### TASK MATERIAL
======

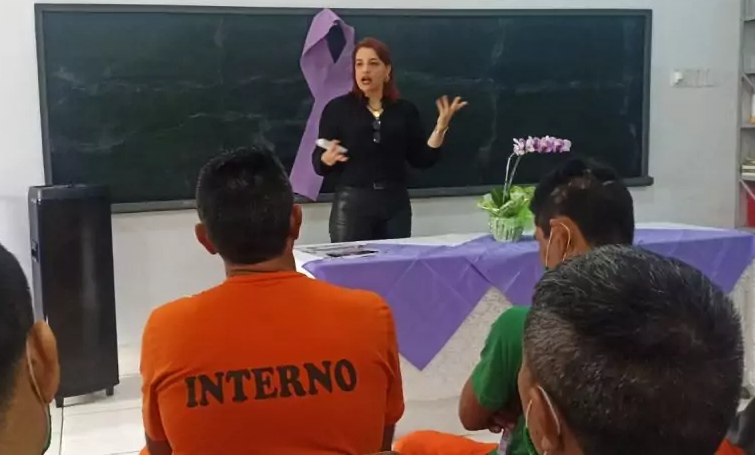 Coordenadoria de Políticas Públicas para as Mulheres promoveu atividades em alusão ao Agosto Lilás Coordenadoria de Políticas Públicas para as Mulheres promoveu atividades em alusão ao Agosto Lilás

======

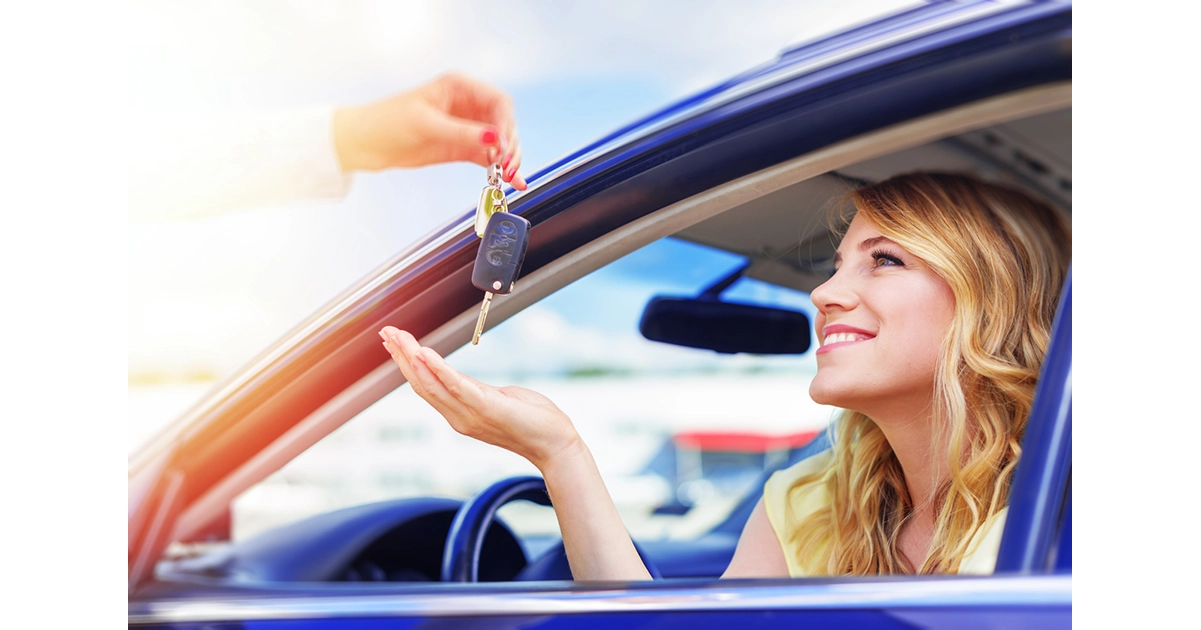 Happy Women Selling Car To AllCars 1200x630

======

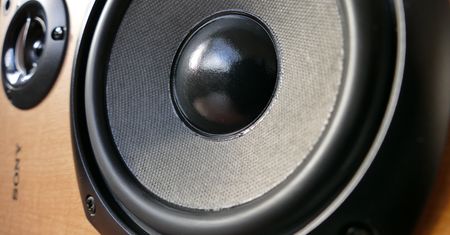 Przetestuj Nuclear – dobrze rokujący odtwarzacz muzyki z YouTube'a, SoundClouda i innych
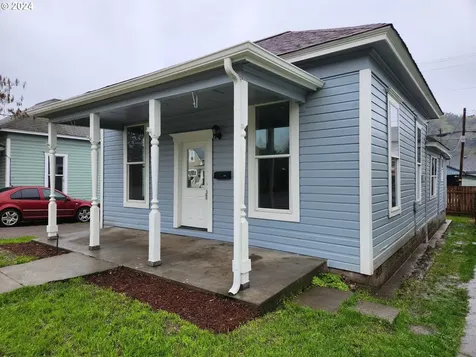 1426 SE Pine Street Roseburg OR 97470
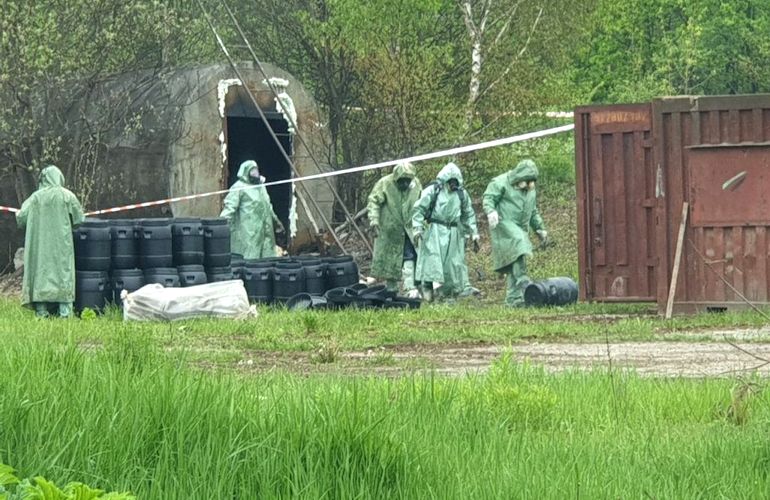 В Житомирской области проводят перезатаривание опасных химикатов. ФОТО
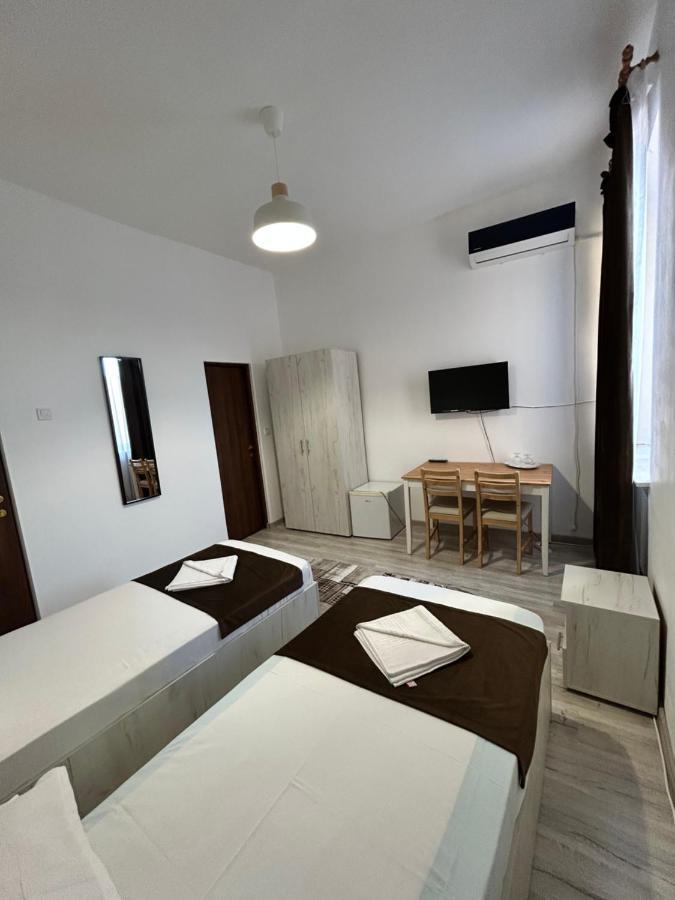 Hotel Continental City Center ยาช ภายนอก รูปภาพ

======

### WORK REQUEST
Make an exact copy of the lines above, beginning with the line with "1426 SE Pine Street Roseburg OR 97470" and ending with the line with "Hotel Continental City", and keep the pictures out of it.

### PROBLEM SOLUTION
 1426 SE Pine Street Roseburg OR 97470
 В Житомирской области проводят перезатаривание опасных химикатов. ФОТО
 Hotel Continental City Center ยาช ภายนอก รูปภาพ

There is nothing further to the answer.